Which given the hair across that butler's ass included a lot of doctoring and begging. The latter being Holly's milieu. And actually... if she was scared, that worked to an advantage. She could leverage fear with the guy. Men normally responded well to that kind of thing--especially proper gentleman types who surely channeled chivalry through every one of their dry, spindly bones.
"I really..." Holly pulled the silk lapels closer to her neck... so that the front of the robe stretched tight against her hard ni**les. "I'm freaking out."
Hmm. If this was a ploy to get him into bed... he wasn't that tired. "Come here."
He held out his arms, and as she came forward and put her body against his, he smiled as he stared over her head. God, she smelled good. Not that flowery shit she usually wore, but something darker. Nice.
"Baby, you know you've got to stay with us. I need you to work your magic."

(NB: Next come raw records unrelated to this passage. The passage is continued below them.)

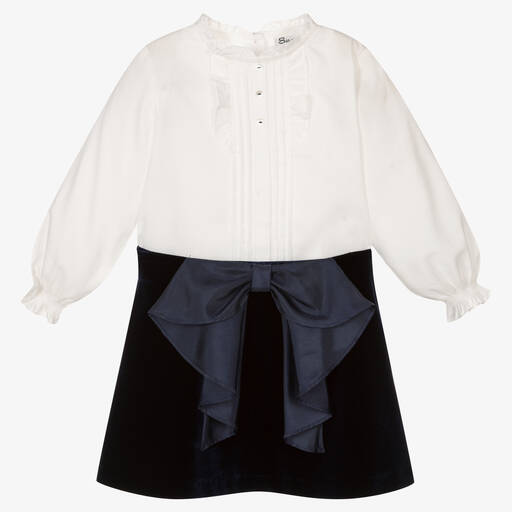 Sarah Louise-Girls White & Navy Blue Velour Skirt Set | Childrensalon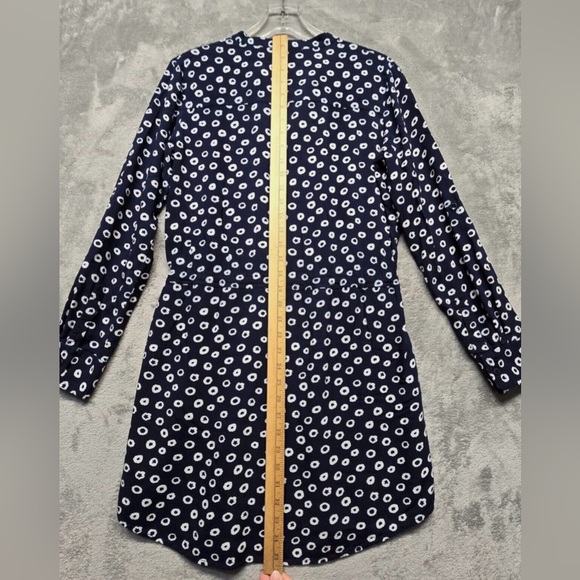 LOFT Blue White Dot Shirt Dress Small Lined Pockets Drawstring Waist - Picture 10 of 15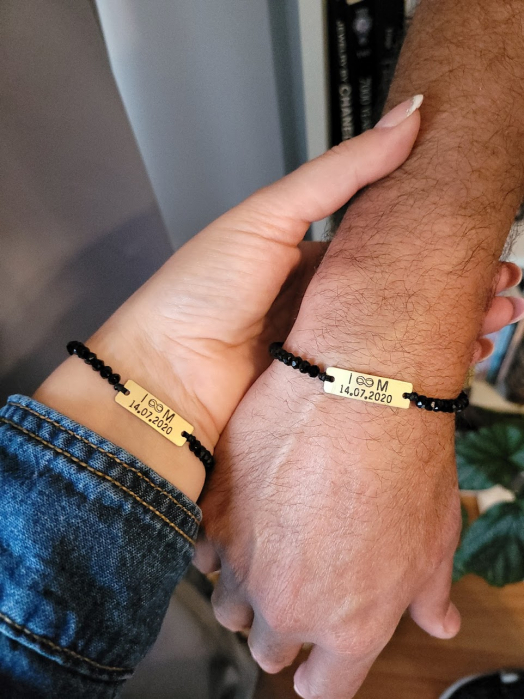 Set de 2 bratari personalizate pentru cuplu, cu initiale, data si margele din cristal [4]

Outside, the Spanish moss swayed in the breeze, the moonlight catching it and creating the illusion of chiffon, so that the trees looked like they were be-gowned.
"Something's not right here," she said into his chest.
Down below, on the lawn, a lone figure ambled into view. Clearly, Stan going for a stoner stroll.
Gregg shook his head. "The only thing that's not right is that damn butler. Don't you want to be famous? A special here's going to open doors for you. You could be hosting Dancing with the Stars next. Or Big Brother."
He could tell he'd gotten her attention, because her body relaxed, and to help her along, he rubbed her back.
"That's my girl." He watched Stan wander along, hands in pockets, head looking away from the house, long hair moving in the wind. Another couple of yards and he was going to be bathed in moonlight as he stepped out from under the trees. "Now, I want you to stay here with me--like I said, you of all people should know these ghost stories are never anything more than creaking floorboards. We have a job just because people want to believe in creepy shit."